* **RECORD SET**:
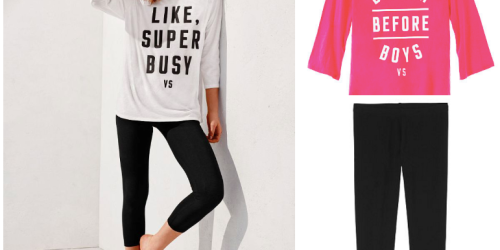 Victoria’s Secret: Graphic Tee, Crop Capri Pants & TWO Bralettes Only $74.25 Shipped ($113 Value)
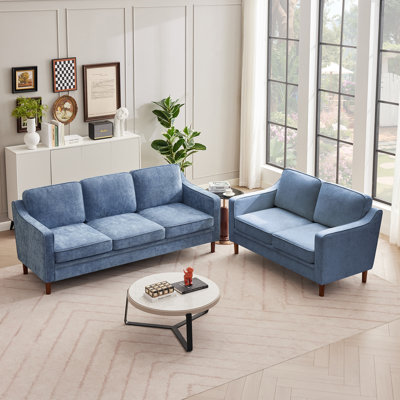 Azriah 2 Piece Chenille Living Room Set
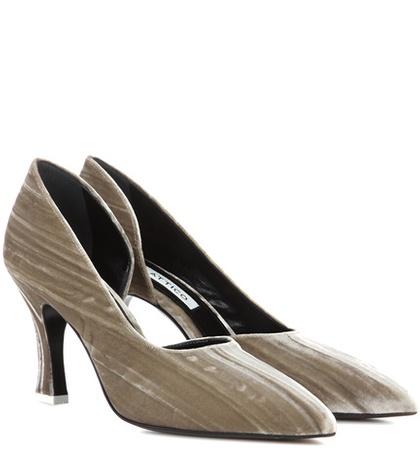 Attico Stella Velvet Pumps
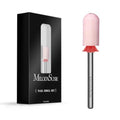 Ceramic Nail Drill Bit 3/32'' Smooth Round Top for Manicure & Pedicure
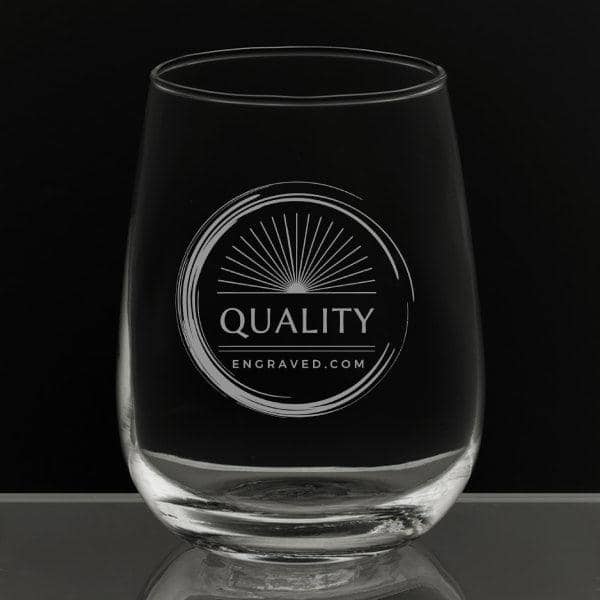 Engraved Stemless Wine Glass - 17 oz - Item 456/5535517 - Barware Hub - Barware Swag and Etched Gifts
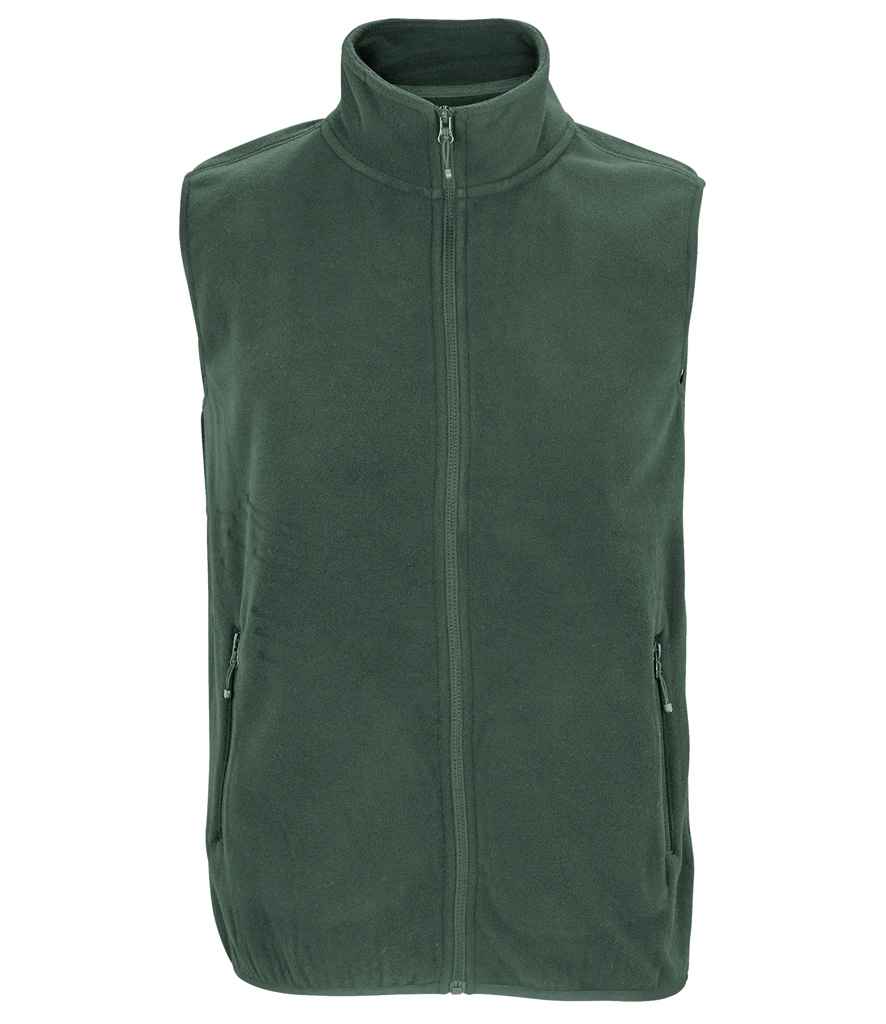 SOL'S Unisex Factor Recycled Micro Fleece Bodywarmer - Forest Green
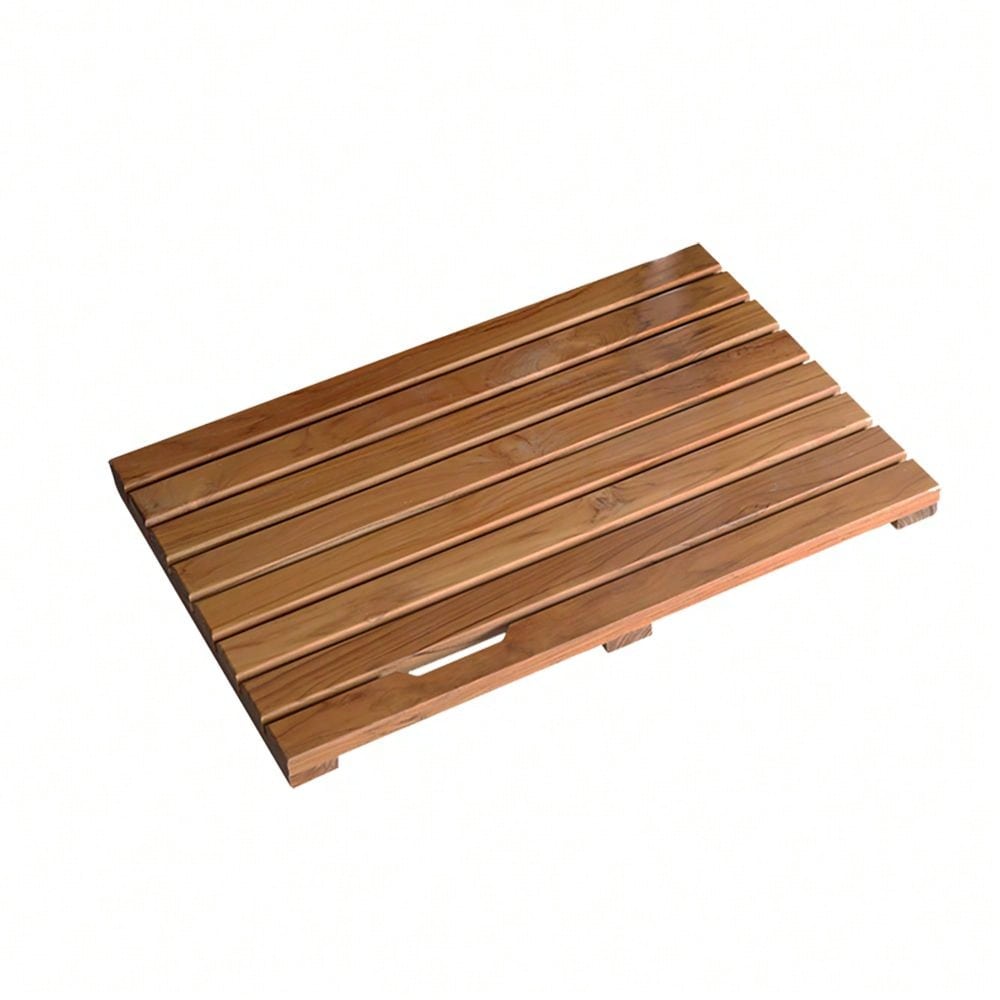 Premium Solid Teak Bathroom Mat - Anti-Slip, Responsibly Sourced And Durable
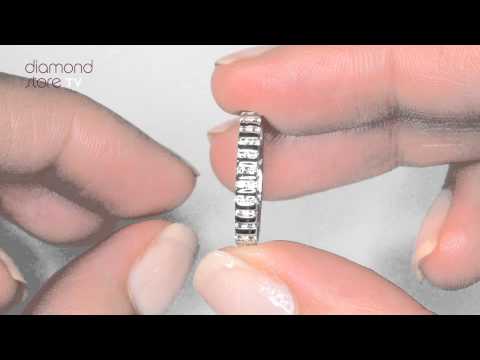 HG37-72 - Ellie Full Diamond (0.50ct) Eternity Ring Set In Platinum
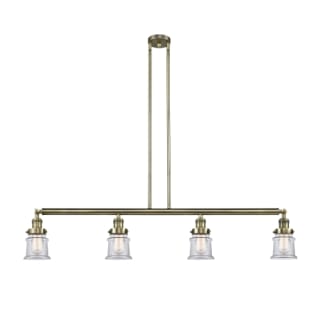 A thumbnail of the Innovations Lighting 214 Small Canton Antique Brass / Clear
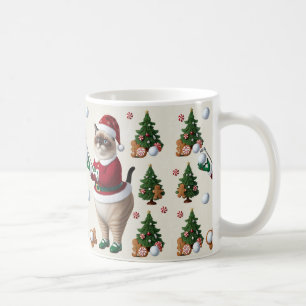 Caneca De Café O Natal do Golf temia para o Golfista do Gato
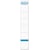 Rugetiketten Elba, Ft 19 x 3 cm, wit, 10 stuks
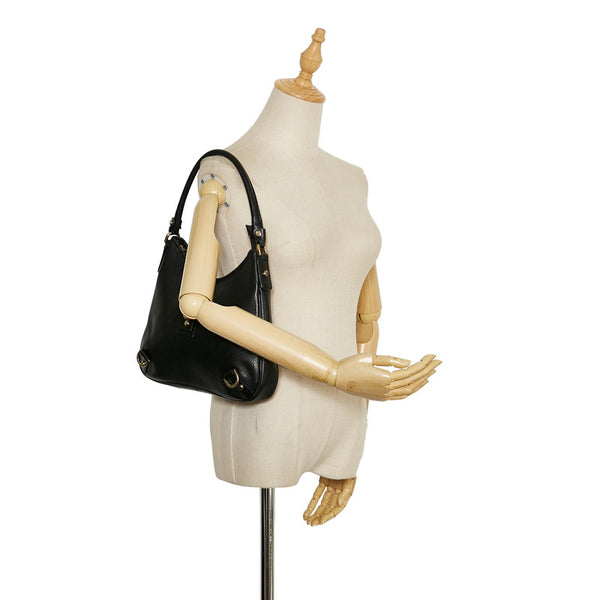 グッチ アビー ハンドバッグ 130738 ブラック レザー レディース GUCCI 【中古】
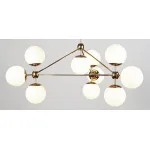 Люстра на штанге Modo Chandelier White Glass L10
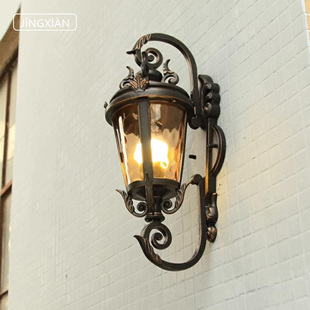 欧式室外壁灯防水别墅墙壁灯户外阳台灯走廊灯过道灯大门柱门前灯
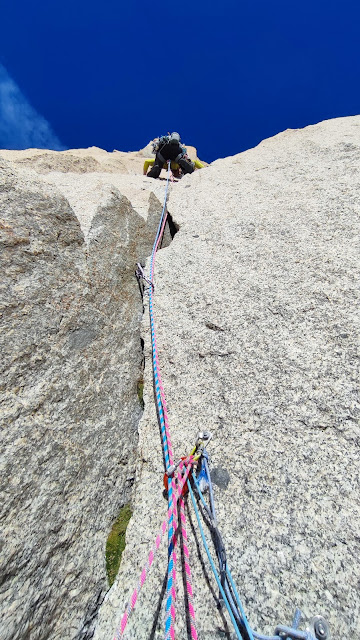 Vía Kohlmann, Aguille du Midi. Chamonix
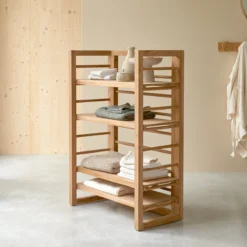 Sera - Etagère Basse En Teck Massif -Homezia Soldes Boutique 1200 1200 etagere basse en teck massif sera 3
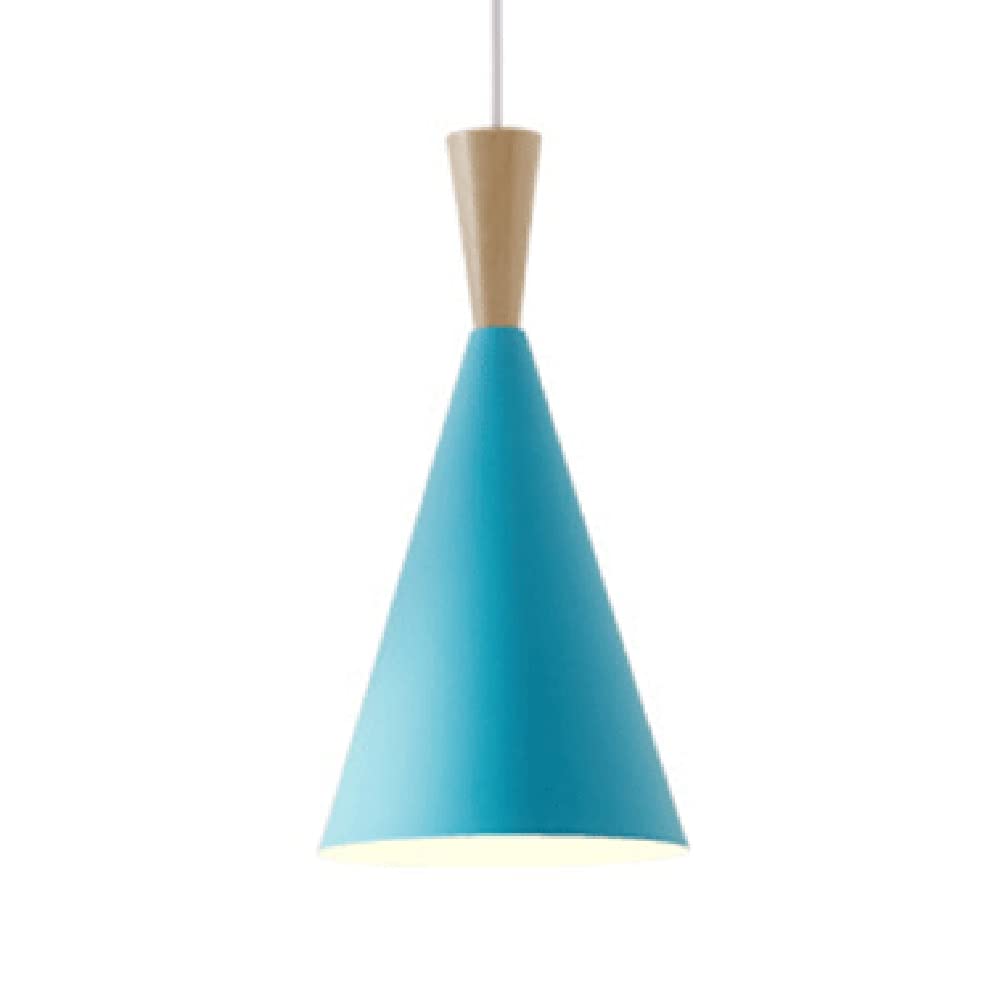 Suspension industrielle en bois et aluminium scandinave pour salon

* **INSTRUCTIONS FOR THE TASK**: Precisely the lines from the one containing "Premium Solid Teak" to the end of the data above, both included, should be printed; leave the pictures out.

* **REPLY TO THE EXERCISE**:
 Premium Solid Teak Bathroom Mat - Anti-Slip, Responsibly Sourced And Durable
 HG37-72 - Ellie Full Diamond (0.50ct) Eternity Ring Set In Platinum
 A thumbnail of the Innovations Lighting 214 Small Canton Antique Brass / Clear
 Caneca De Café O Natal do Golf temia para o Golfista do Gato
 Rugetiketten Elba, Ft 19 x 3 cm, wit, 10 stuks
 グッチ アビー ハンドバッグ 130738 ブラック レザー レディース GUCCI 【中古】
 Люстра на штанге Modo Chandelier White Glass L10
 欧式室外壁灯防水别墅墙壁灯户外阳台灯走廊灯过道灯大门柱门前灯
 Vía Kohlmann, Aguille du Midi. Chamonix
 Sera - Etagère Basse En Teck Massif -Homezia Soldes Boutique 1200 1200 etagere basse en teck massif sera 3
 Suspension industrielle en bois et aluminium scandinave pour salon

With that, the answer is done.